> [Work task]: Would you output the following records verbatim and skip the images in them?

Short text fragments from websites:
══════════

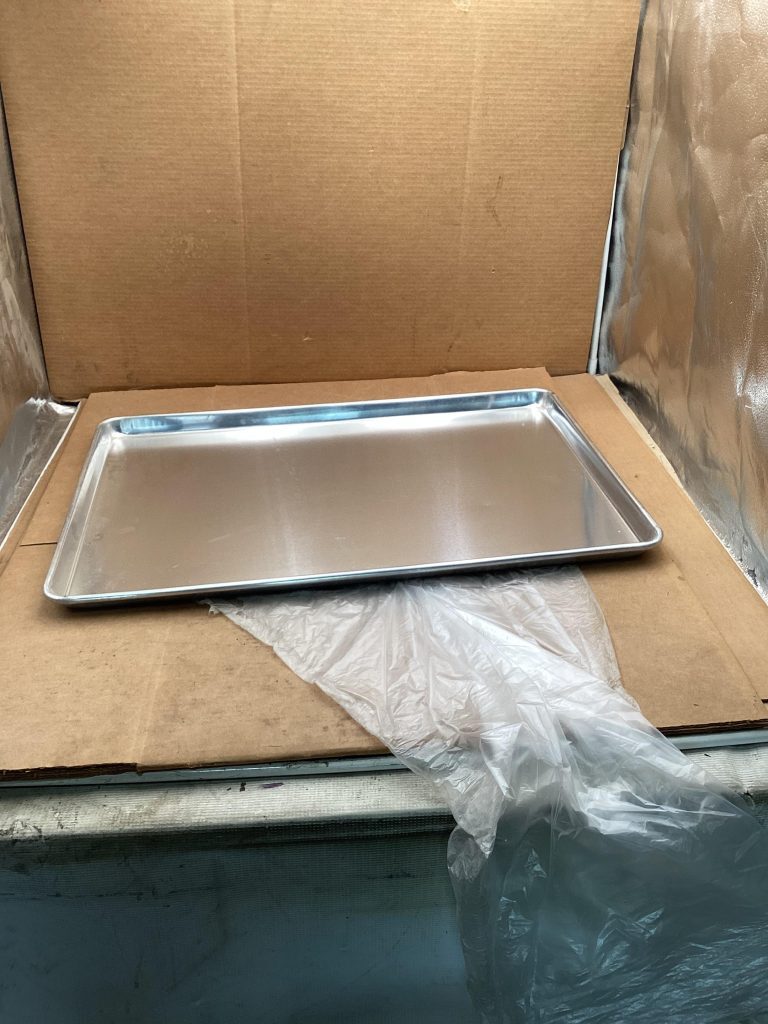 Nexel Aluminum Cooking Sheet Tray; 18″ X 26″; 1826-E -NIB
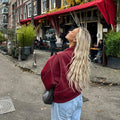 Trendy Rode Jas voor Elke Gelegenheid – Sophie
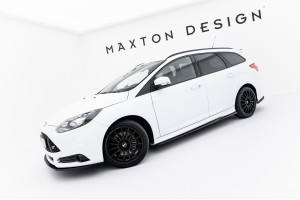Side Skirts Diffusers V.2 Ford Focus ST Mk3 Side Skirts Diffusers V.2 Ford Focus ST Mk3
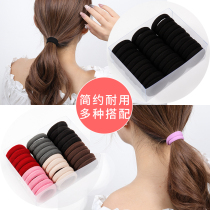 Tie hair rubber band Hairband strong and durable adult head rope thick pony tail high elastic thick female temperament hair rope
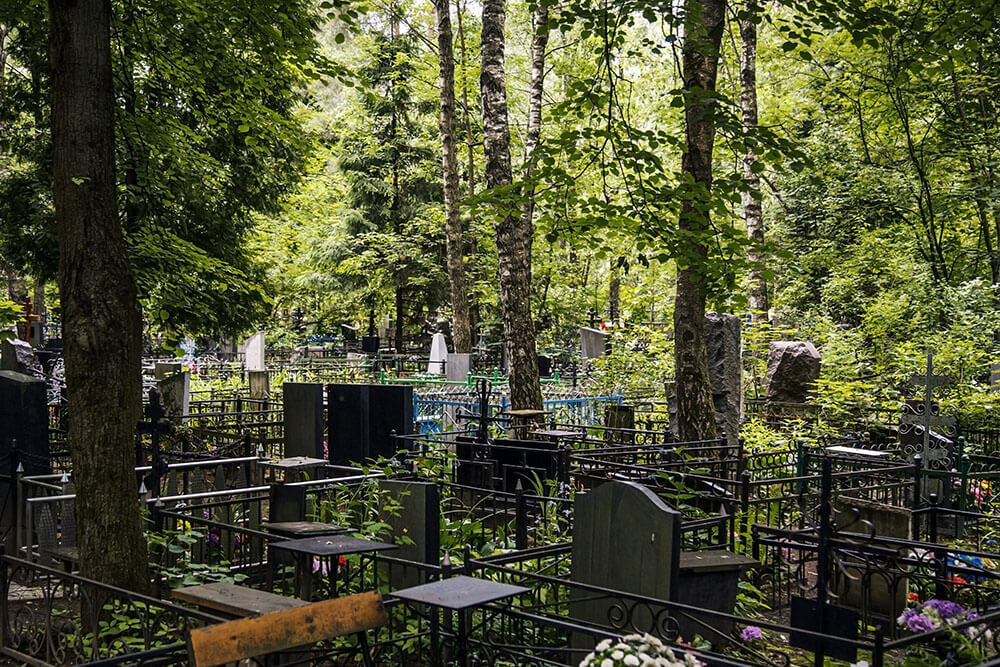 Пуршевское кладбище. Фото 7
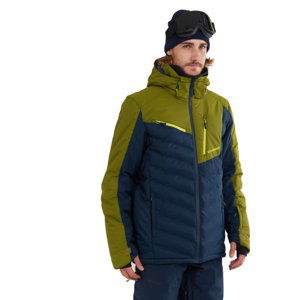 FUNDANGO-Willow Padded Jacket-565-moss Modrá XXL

══════════

> [Problem solution]:
 Nexel Aluminum Cooking Sheet Tray; 18″ X 26″; 1826-E -NIB
 Trendy Rode Jas voor Elke Gelegenheid – Sophie
Side Skirts Diffusers V.2 Ford Focus ST Mk3 Side Skirts Diffusers V.2 Ford Focus ST Mk3
 Tie hair rubber band Hairband strong and durable adult head rope thick pony tail high elastic thick female temperament hair rope
 Пуршевское кладбище. Фото 7
 FUNDANGO-Willow Padded Jacket-565-moss Modrá XXL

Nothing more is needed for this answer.